Alaska has limited role as a state, some Alaskans can have influence

An adult polar bear, the iconic symbol of the Arctic, stands upright on hind feet in search of seals to eat on sea ice floating off the coast of Svalbard, Norway.

An adult polar bear, the iconic symbol of the Arctic, stands upright on hind feet in search of seals to eat on sea ice floating off the coast of Svalbard, Norway.

┬ęSteven Kazlowski/AlaskaStock.com

The Arctic is opening, posing opportunities as well as risks. Some see the potential for oil and gas exploration and new shipping routes as positives. Others see dire consequences from severe storms, wildlife effects, coastal erosion, and melting permafrost.

As the nation’s only Arctic state, Alaska will feel the effects first, for better or worse. But it is unclear how much Alaskans can influence key Arctic policy decisions. Those decisions are made far from the state on the national and international levels, and Alaska’s role is limited.

Nations that share the Arctic, and even nations far from the north, like China, Singapore, and India, are now part of a multinational group, the Arctic Council. Alaska is not part of this.

Alaskans must work through the channels they have, which are several, to influence the US delegation to the Arctic Council.

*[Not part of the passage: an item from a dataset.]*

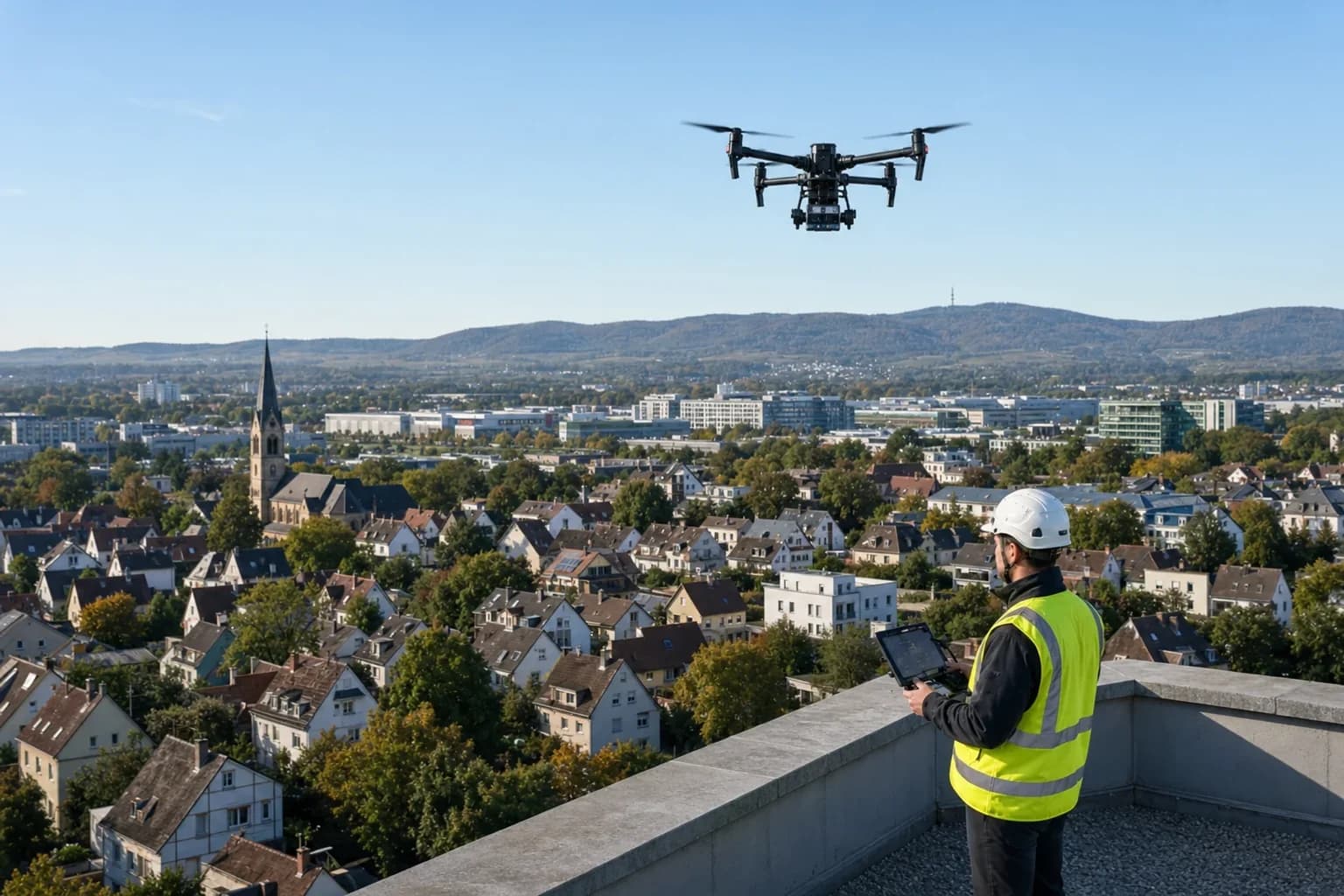 Drohnenvermessung in Hofheim am Taunus – Drohne über dem Objekt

Eight nations that are considered “Arctic” formed the Arctic Council in 1996 and are its permanent members. They include Canada, Denmark (which includes Greenland and the Faroe Islands), Finland, Iceland, Norway, Russia, Sweden, and the United States, because of Alaska. However, the member states are not bound by a treaty and the Council has no legal authority on its own.

Nations rotate the chairmanship at two-year intervals. Sweden has completed its turn, and Canada is now the chair. The United States will take over as chair in 2015. In 2017 the United States turns the chairmanship over to Finland. Though its status is informal, the Council does now have a full-time Secretariat, or staff office, that is located in Stockholm.

Every two years, when the chairmanship rotates, the council meets in a ministerial-level session and issues a formal, but non-binding “declaration” that reviews past work and outlines future projects.

The Council’s agreements are those of its members, which pledge themselves to enforce the agreements. Two agreements have been adopted now: an emergency response agreement in 2011 and an oil spill response agreement reached this year. These do commit member states to pool resources in responses. Further agreements are likely. One being discussed is sharing research and providing access to members’ Arctic continental shelves for research. This may be a touchy subject for some members, however, such as Russia and possibly Canada, who are sensitive to territorial sovereignty.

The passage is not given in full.